Germany, 1958. A country still struggling to rebuild itself after the Second World War, burdened with unbearable guilt, shame, anger and suspicion over the events that took place under Hitler's regime. Fifteen-year-old Michael Berg (David Kross) embarks on an affair with an older woman, a tight-lipped but sensual bus conductress called Hanna (Kate Winslet). When they're not engaged in sexual athletics, schoolboy Michael reads to Hanna – everything from Homer to Hergé. Then one day, Hanna disappears, and the affair ends as unexpectedly as it began.

Fast forward eight years, and Michael is a law student. As part of his studies, he attends a high profile trial. In the dock is his ex-lover, charged with murdering over 300 people, whilst working as a prison guard at Auschwitz. And Michael knows something about Hanna that could change the whole direction of the trial – a secret which she herself would rather spend a lifetime in prison that divulge.

With his youthful optimism, ambitions and intelligence, Michael represents Germany's new hope for the future, a generation unblemished by the taint of war. But his lifelong entanglement with Hanna proves that you can never escape the legacy of a guilty past, nor ever truly lay it to rest either.

Yup, The Reader is not a cheery, mindless night out at the pictures. Instead, it's a thought-provoking, almost existential film that tackles all the biggies: law, morality, complicity, guilt, redemption and absolution, and the way that love can be buffeted helplessly between them all. True, it raises more questions than it (or any other film) could ever answer, but the fact that it poses them at all is laudable.

However, the stiff upper lifts of its central protagonists, Winslet and Ralph Fiennes (who plays Michael as an adult) and its (admittedly admirable) refusal to spell everything out in a monotonous voiceover, do prevent us from ever getting too emotionally involved. Instead, we're invited to view the unfolding events almost dispassionately, and to ask ourselves uncomfortable questions too. What would we have done in Hanna's place? It's not something we really want to think about too deeply.

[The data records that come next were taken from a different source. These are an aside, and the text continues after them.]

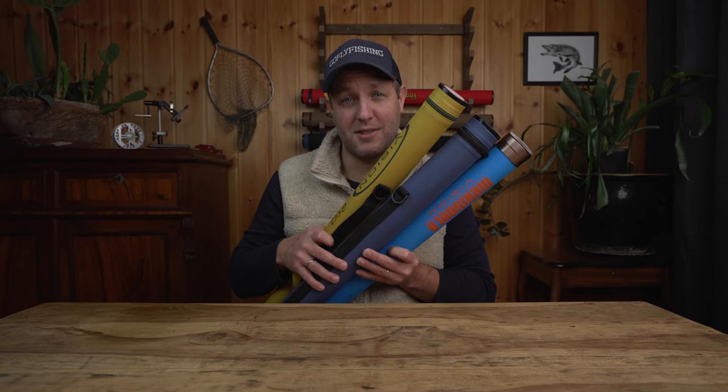If you want to organize your fly rod tubes in an inexpensive but yet highly functional way, this video might be something for you.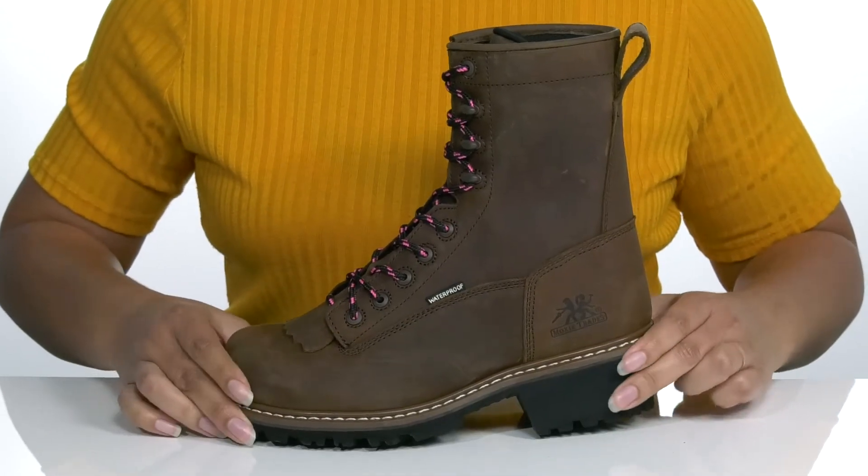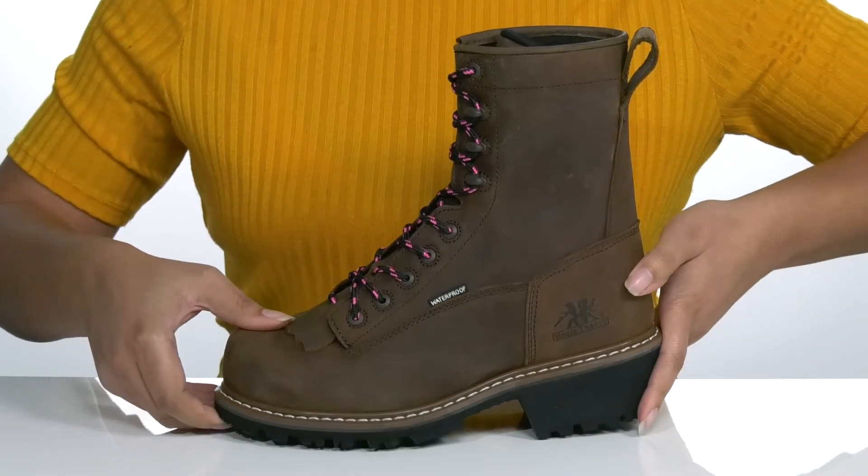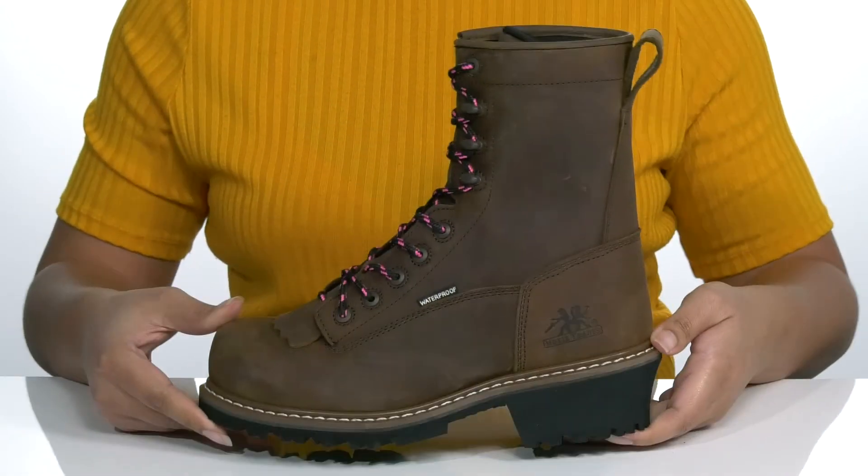The midsole has a very sturdy build that's made to last with reinforced stitching for durability, all on top of a high abrasion rubber outsole that has lugs to keep you stable on the job.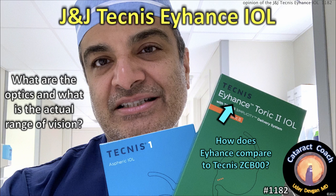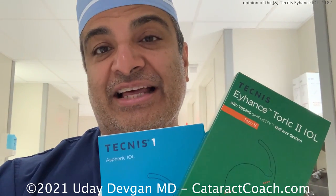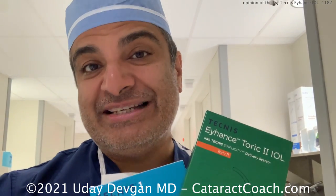CataractCoach.com — the J&J Technus Eyehance IOL. What are the optics and what's the actual range of vision? Tell me about the Technus Eyehance and how it varies or differs from the regular Technus lens. Here are the two lenses — let's give you the breakdown.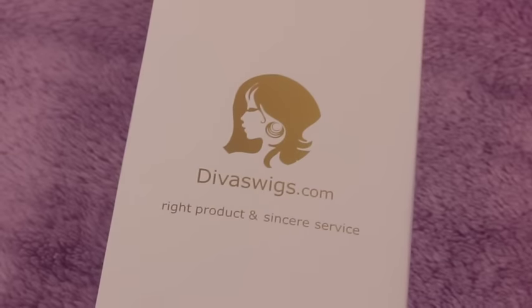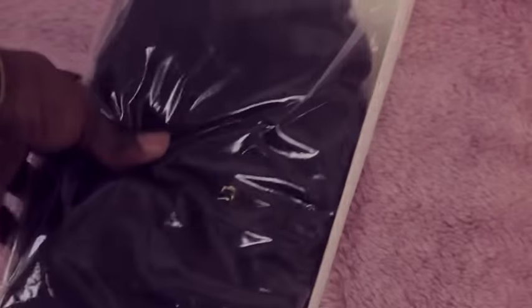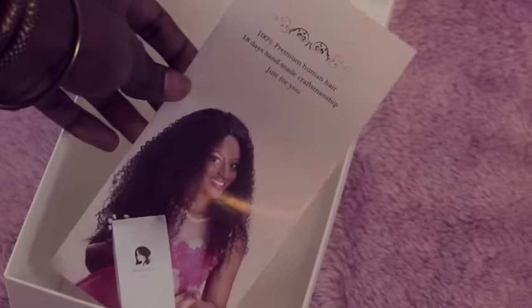This is the box they sent me from Divas Wigs — you see that nice little golden girl on there. You open it up and you see this nice little silk scarf with some interesting patterning on it, then you've got your brush, your white brush, and of course the wig cap and instruction manual.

Kate Winslet's performance as the clumpy, frumpy Hanna is superb, and with all that ugly prosthetic ageing make-up, she's a shoe-in for an Oscar. Ralph Fiennes, surely the king of repressed emotions, is on his usual elegant, understatedly brilliant form, while German newcomer David Kross is also excellent and utterly credible as his younger self (even if he does look rather more like David Walliams than the austere, chisel-featured Fiennes).

What with Defiance and Valkyrie jostling at the box office, not to mention last year's The Boy in the Striped Pyjamas (which suddenly seems like Spielberg schmaltz when compared to The Reader's restrained intellectualism), it seems as if films set in Germany during or after the war have never been more popular. And, absorbing and at times shocking, The Reader is a worthy and worthwhile addition to the canon.